Last year's projects are linked to from last year's course website. They are all great, so look there for some inspiration. Please note that these sites were made by students with no prior technical experience; if you're in that category they may look daunting right now, but don't be discouraged, you'll learn what you need to in time to make something really cool.
If you have no technical background, this may not make much sense to you in the first class, but as the semester progresses you'll understand more. Here are some of the technical skills you will be using in your project:
- Web hosting
- I will provide hosting for class websites at hackinghistory.ca.
- Theme Development
- each of these websites will come equipped with a starter theme with which I have some familiarity. Over the course of the project, you will adapt that theme to serve your purposes. This means you will work directly with:
- changing CSS files to give the site a new look-and-feel
- modifying HTML templates to change the arrangement of elements on various web pages
- Text editing
- in order to do all of the above, you should become at least a little familiar with a text editor. One free cross-platform editor that is also used by the CS department at U of T is Komodo Edit. Later in the term we will also go over various ways to edit code directly from the WordPress administrative interface.

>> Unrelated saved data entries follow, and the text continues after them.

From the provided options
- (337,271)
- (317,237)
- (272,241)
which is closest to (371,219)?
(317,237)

Human Subjects Ethics Review
One of the benefits to a partner is that work done in the service of that organization is exempt from the ethics review process. If however you conduct interviews, etc. outside of the project you will need to comply with the University's Ethics Review process; cf. also this document. The procedure is not terribly onerous but it does take some time so be very serious about this.
# The final project will be evaluated based on its success in meeting the goals outlined in the proposal, on the integrity of historical analysis, on the aesthetics of the presentation, and on the satisfaction of the community partners with your work.
|Component||Due Date||Group/Indiv||% of Course Grade|
|Proposal & Presentation||Nov. 29||Group||10|
|Interim Report||Feb. 21||Group||10|
|Final Product||Apr. 04||Group||20|
In addition, most of your blog postings in semester 2 will be concerned with your project & your progress on it.
The proposal is a substantial group effort which involves the submission of a formal document to me and to your partner, as well as a presentation component. Read more about it on its own page.
The Interim Report is a report back to me and to your partner on the progress you're making. It will be about 8-10 pages long, and indicate
- how much of the website content you've completed, and whether there are any serious problems that might require you to change your focus.
- how much of the website design is complete, and where you expect further challenges
- in what ways you find yourself departing from the plan agreed upon, and why.
The Final product is a fantastically intricate and rich historical website, with lots of exciting bits of information presented in a vigourous, interesting, and visually appealing manner.
I'll ask your partner for feedback on your work, and take that into account in my final grade.